▸ **WHAT THE EXERCISE ASKS**: Pictures are to be left out; every line from the one with "Vital Vitamins Resveratrol, 600mg" through the end of the data must be transcribed exactly.

▸ **EXTRACTED RECORDS**:
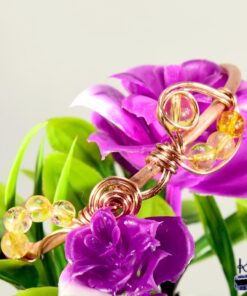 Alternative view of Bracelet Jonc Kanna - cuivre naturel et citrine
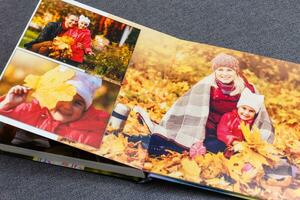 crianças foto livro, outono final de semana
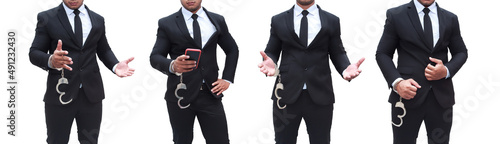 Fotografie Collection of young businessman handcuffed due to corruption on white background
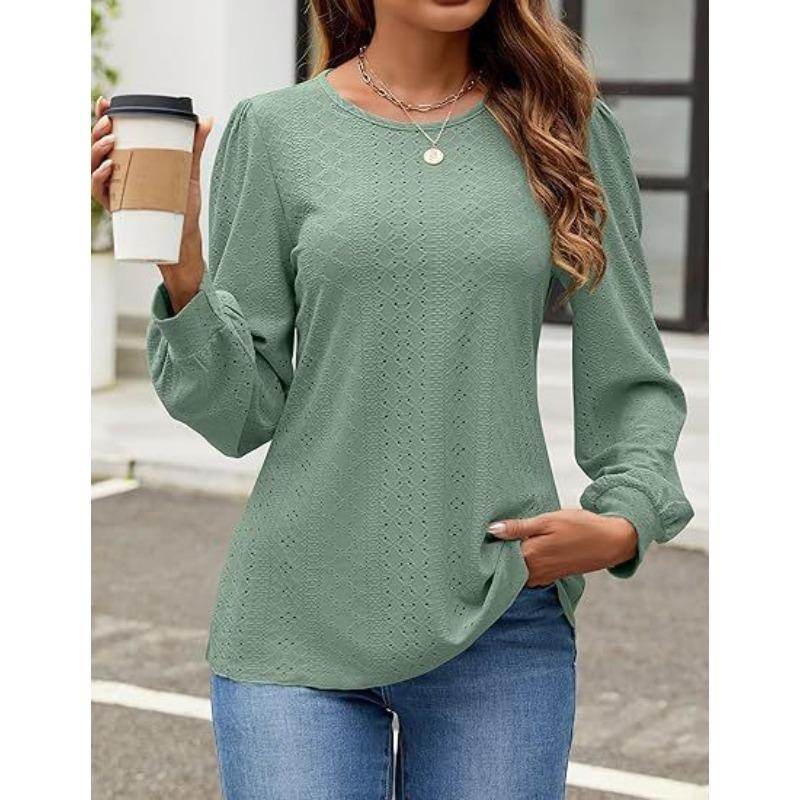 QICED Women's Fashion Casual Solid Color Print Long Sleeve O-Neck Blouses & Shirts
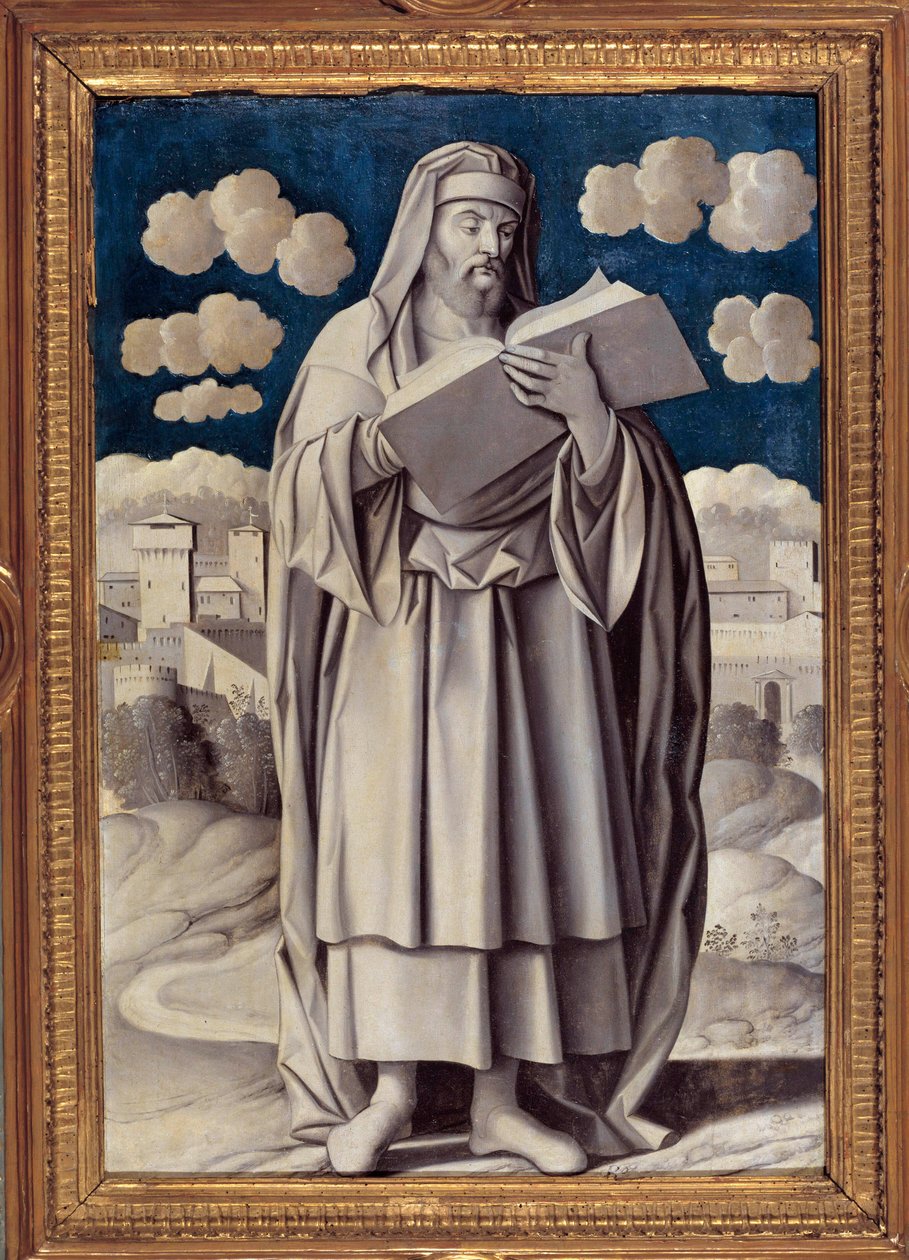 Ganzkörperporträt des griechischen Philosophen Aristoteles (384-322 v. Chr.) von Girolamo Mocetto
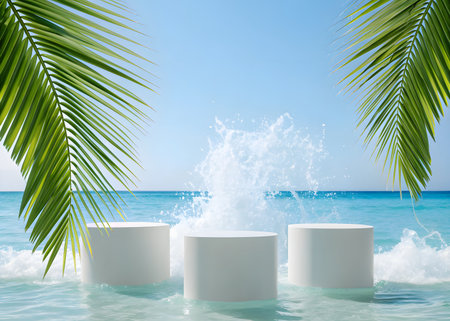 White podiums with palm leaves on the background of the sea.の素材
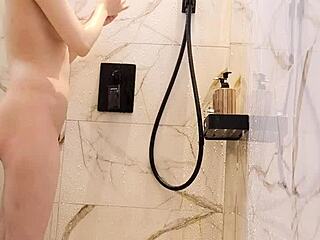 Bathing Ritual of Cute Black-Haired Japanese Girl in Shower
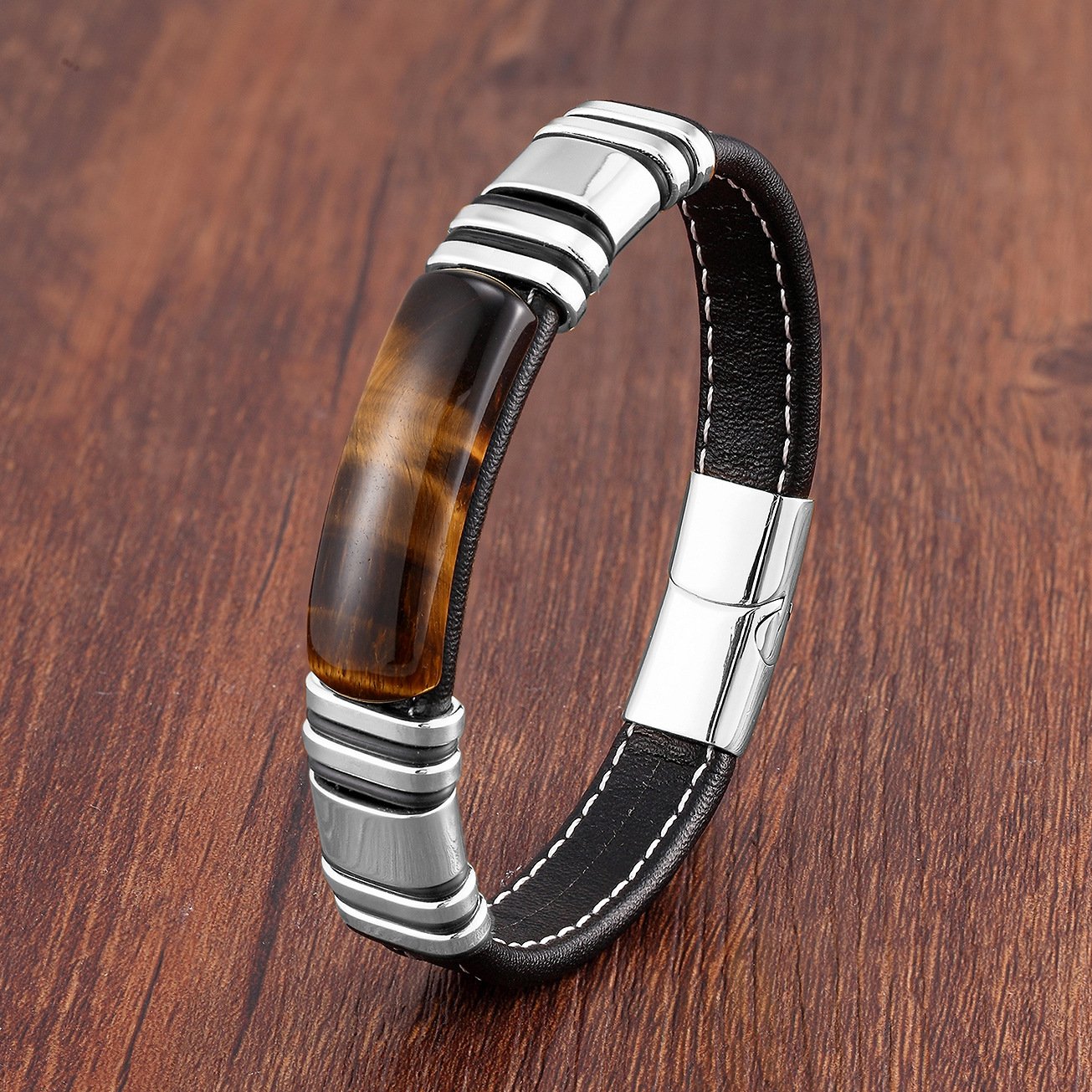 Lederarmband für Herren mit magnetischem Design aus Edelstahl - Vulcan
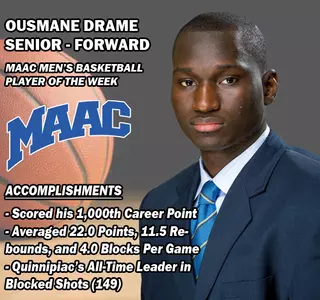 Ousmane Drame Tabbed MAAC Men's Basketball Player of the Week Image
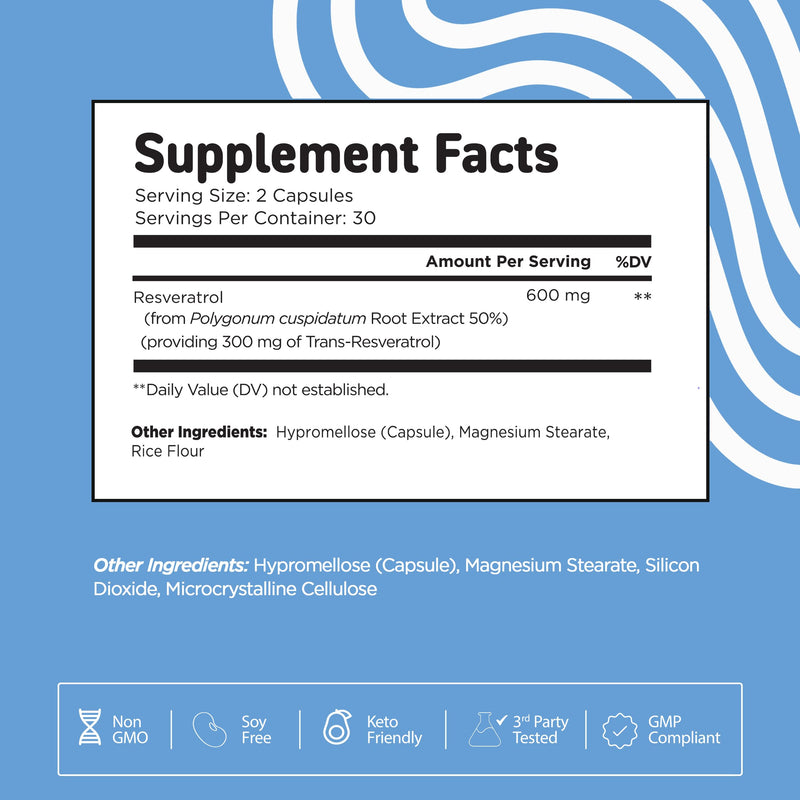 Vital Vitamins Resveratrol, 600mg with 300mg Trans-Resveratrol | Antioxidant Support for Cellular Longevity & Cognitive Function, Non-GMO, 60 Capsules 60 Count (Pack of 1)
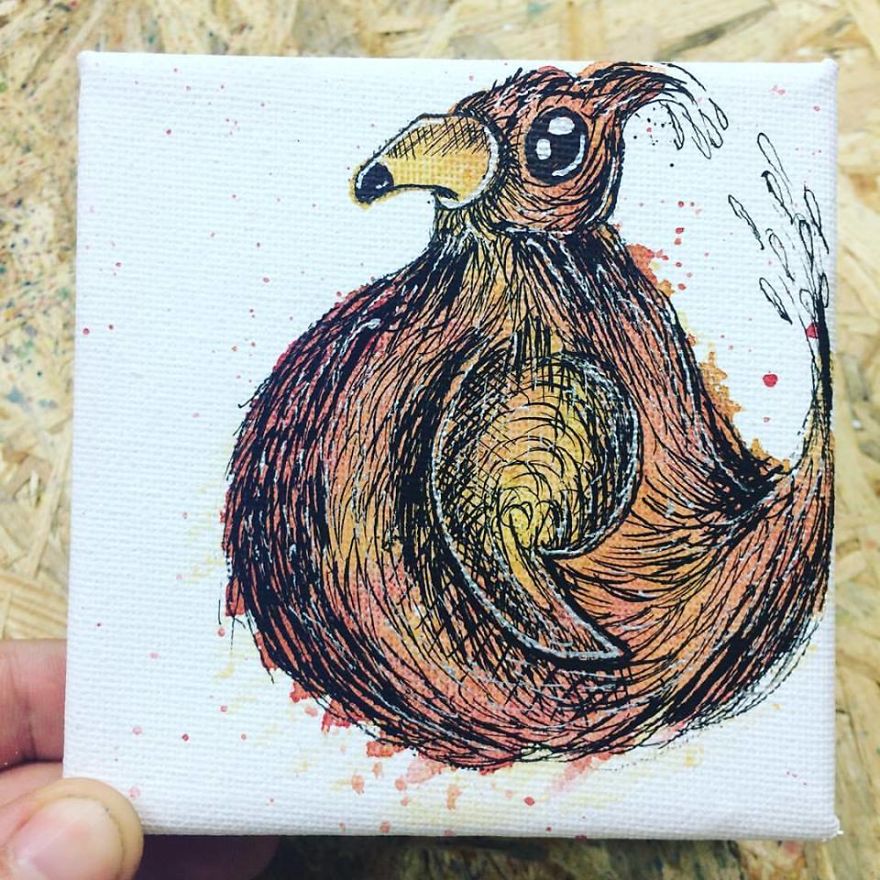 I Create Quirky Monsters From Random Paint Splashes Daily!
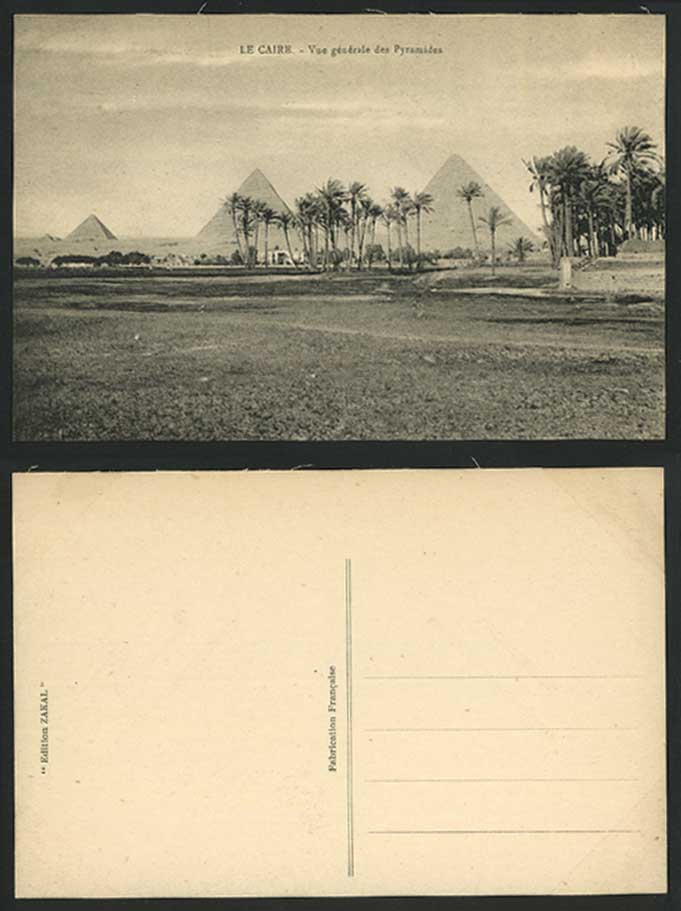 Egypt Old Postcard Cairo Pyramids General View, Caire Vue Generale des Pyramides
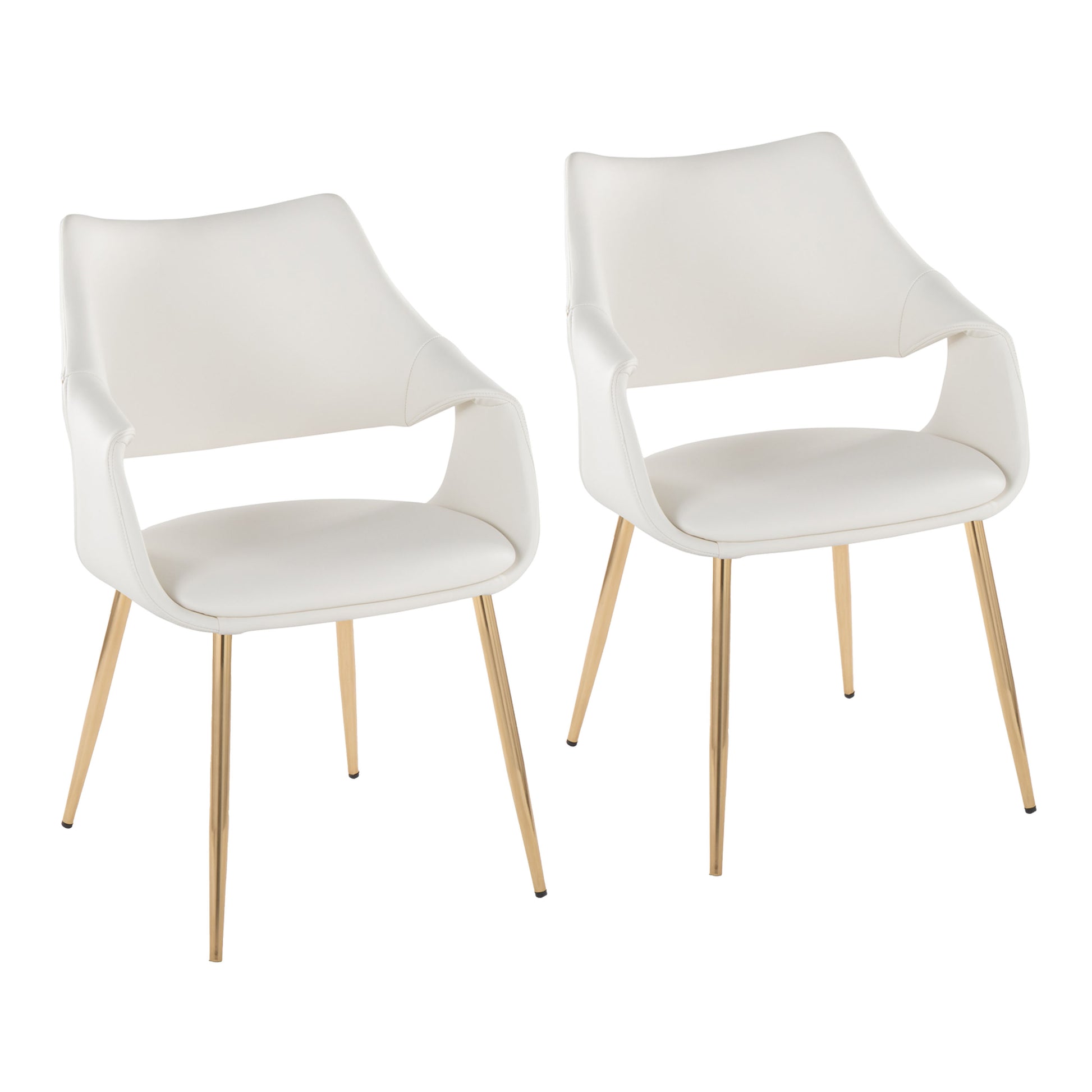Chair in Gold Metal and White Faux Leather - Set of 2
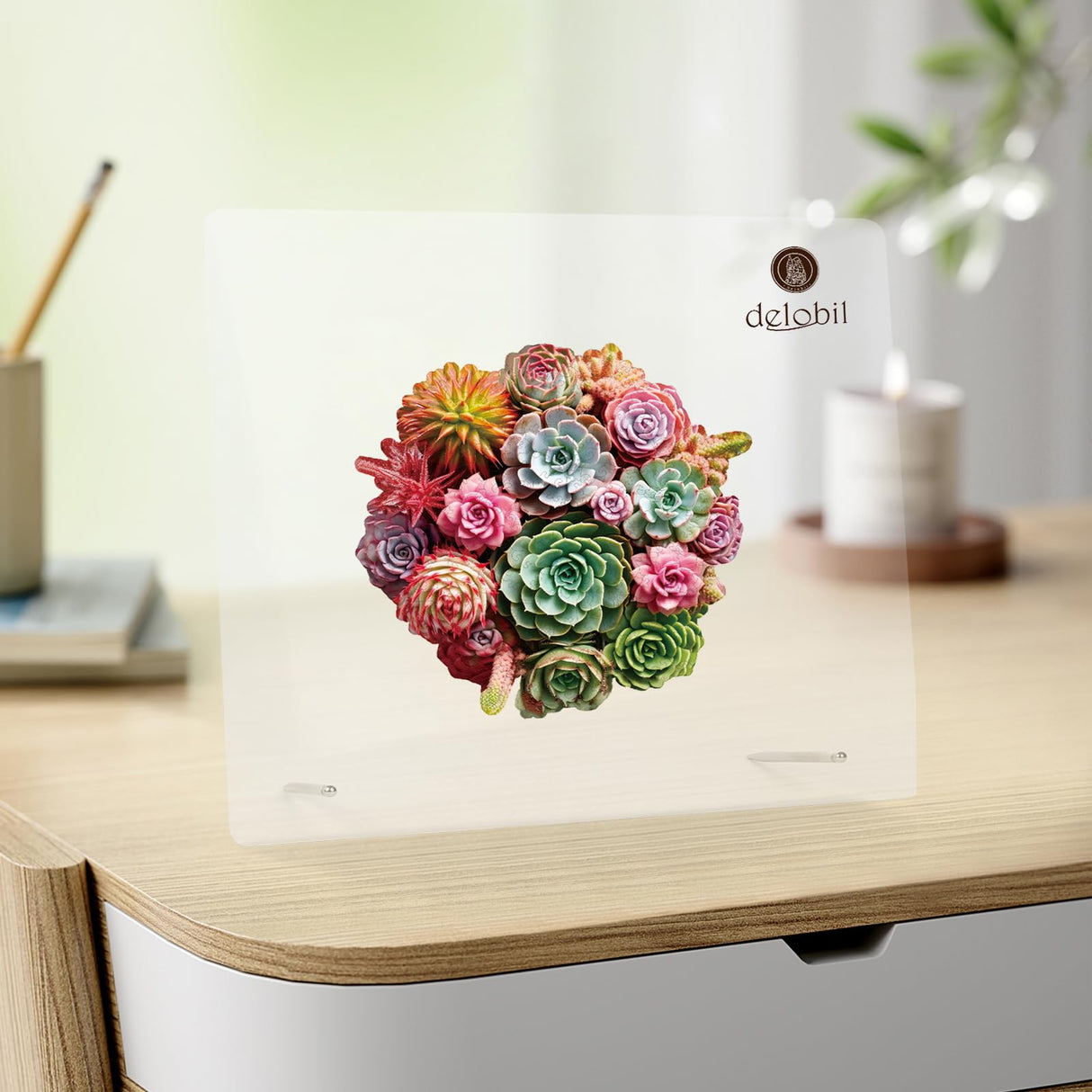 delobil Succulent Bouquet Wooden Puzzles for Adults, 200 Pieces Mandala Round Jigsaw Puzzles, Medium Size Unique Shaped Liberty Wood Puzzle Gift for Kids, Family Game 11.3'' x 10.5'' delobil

▸ **ANSWER TO THE PROBLEM**:
 Vital Vitamins Resveratrol, 600mg with 300mg Trans-Resveratrol | Antioxidant Support for Cellular Longevity & Cognitive Function, Non-GMO, 60 Capsules 60 Count (Pack of 1)
 I Create Quirky Monsters From Random Paint Splashes Daily!
 Egypt Old Postcard Cairo Pyramids General View, Caire Vue Generale des Pyramides
Chair in Gold Metal and White Faux Leather - Set of 2
 delobil Succulent Bouquet Wooden Puzzles for Adults, 200 Pieces Mandala Round Jigsaw Puzzles, Medium Size Unique Shaped Liberty Wood Puzzle Gift for Kids, Family Game 11.3'' x 10.5'' delobil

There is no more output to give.